(Input data):
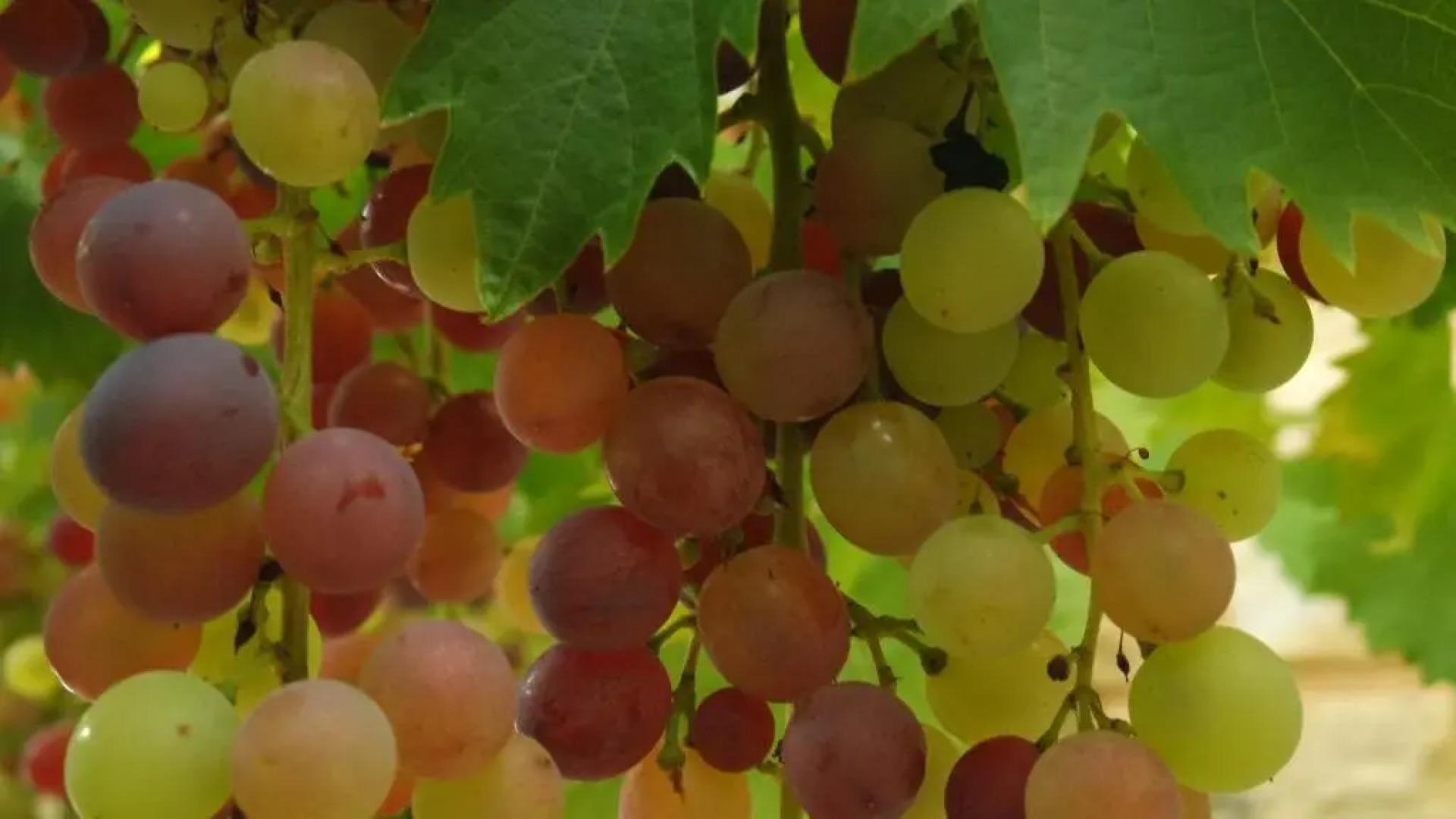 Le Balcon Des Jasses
---
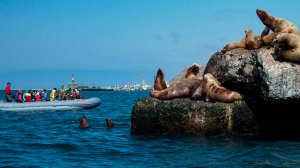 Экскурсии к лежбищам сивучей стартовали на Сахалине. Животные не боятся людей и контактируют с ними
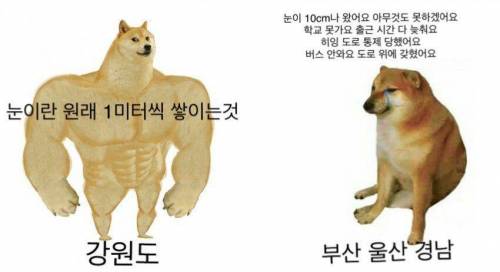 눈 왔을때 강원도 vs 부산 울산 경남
* * *
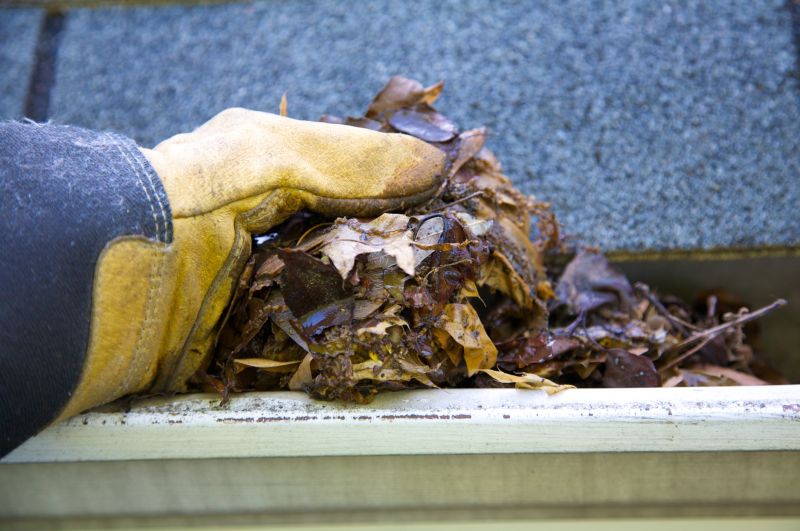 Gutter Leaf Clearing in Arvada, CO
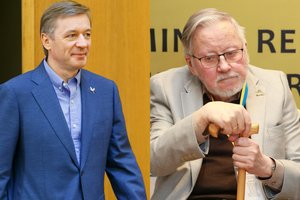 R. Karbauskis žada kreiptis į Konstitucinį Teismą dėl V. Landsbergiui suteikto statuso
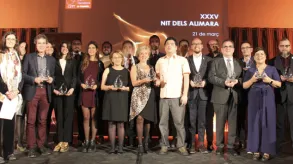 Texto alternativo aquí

(To do): Copy word for word the lines of the records above from the one with "R. Karbauskis žada" up to and including the one with "Texto alternativo aquí". Skip the pictures.

(Exercise answer):
 R. Karbauskis žada kreiptis į Konstitucinį Teismą dėl V. Landsbergiui suteikto statuso
 Texto alternativo aquí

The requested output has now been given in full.